The role requires both technical depth in data engineering on Azure Cloud and strong interpersonal skills to collaborate effectively with cross-functional teams and customer stakeholders.
Key Responsibilities
1. Data Engineering & Development
-
Design and build scalable data pipelines using Azure Databricks with PySpark for batch and near-real-time ingestion, transformation, and processing.
-
Optimize Spark jobs and manage large-scale distributed data processing using RDD/DataFrame APIs.
-
Implement modular, testable, and reusable Python code for data transformations and utility functions.
-
Develop Python packages and manage dependencies using pip/Poetry/Conda.

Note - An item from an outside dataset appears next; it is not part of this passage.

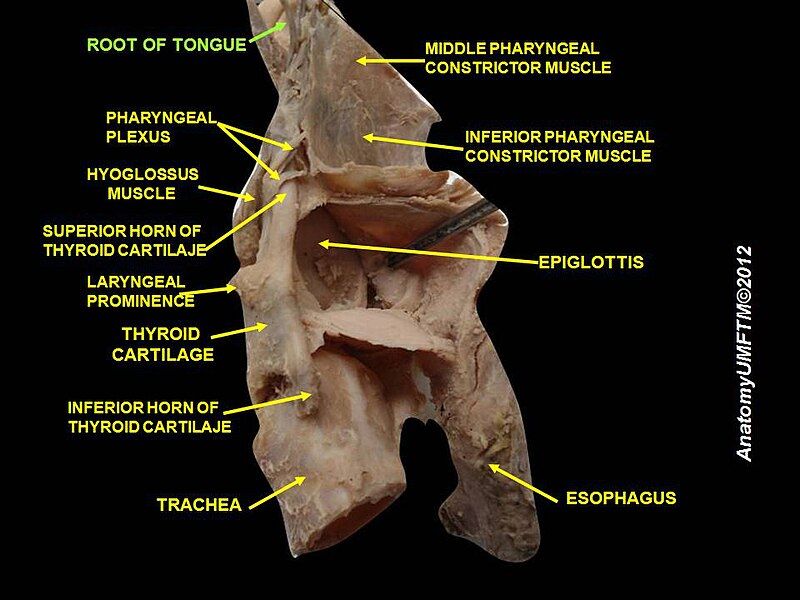 File:Slide1mmm.JPG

2. Orchestration & Integration
-
Design and implement data orchestration workflows using Azure Data Factory (ADF).
-
Build parameterized, reusable pipelines using tasks, triggers, and dependencies.
-
Handle pipeline performance tuning, error-handling strategies, and integration runtime configurations.
-
Design and support IDOC-based interfaces, RFCs, and BAPI Wrappers (if applicable).
3. Data Storage & Management
-
Implement secure, hierarchical namespace-based storage using ADLS Gen2 aligned to bronze-silver-gold architecture layers.
-
Apply best practices in file partitioning, retention management, RBAC/ACL-based access control, and storage performance optimization.
-
Manage lifecycle policies and folder-level security.
-
Develop T-SQL queries, stored procedures, and metadata layers on Azure SQL Database.
4. Documentation & Quality Assurance
-
Write clear, concise documentation following industry-standard practices.
-
Adopt code analyzers and unit testing frameworks to ensure high-quality deliverables.
-
Contribute to design reviews, code reviews, and provide constructive feedback.
Required Technical Skills
-
2+ years of hands-on experience in Azure Databricks with PySpark.
-
2+ years of experience in Azure Data Factory (ADF).
-
2+ years of experience in ADLS Gen2.
-
2+ years of experience in Azure SQL (T-SQL, stored procedures, metadata management).
-
1+ years of experience in Python programming and package development.
Soft Skills & Other Requirements
-
Strong communication skills (verbal, email, instant messaging) for stakeholder collaboration.
-
Strong interpersonal skills to build and maintain productive team relationships.
-
Problem-solving mindset with ability to troubleshoot and resolve issues efficiently.
-
Experience working in Agile/Scrum environments with tools like Jira or Azure DevOps.
-
Proactive, detail-oriented, and diligent in task execution and reporting progress.
Expected Outcomes
-
Deliver robust, scalable, and optimized data engineering solutions on Azure Cloud.
-
Collaborate with internal teams and customers to align solutions with design documents and coding standards.
-
Contribute to the growth of data engineering capabilities within the healthcare domain.
Preferred Qualifications (Good to Have)
-
Experience in Healthcare domain projects.
-
Knowledge of advanced data modeling and architecture patterns.
-
Exposure to AI/ML workflows for data engineering.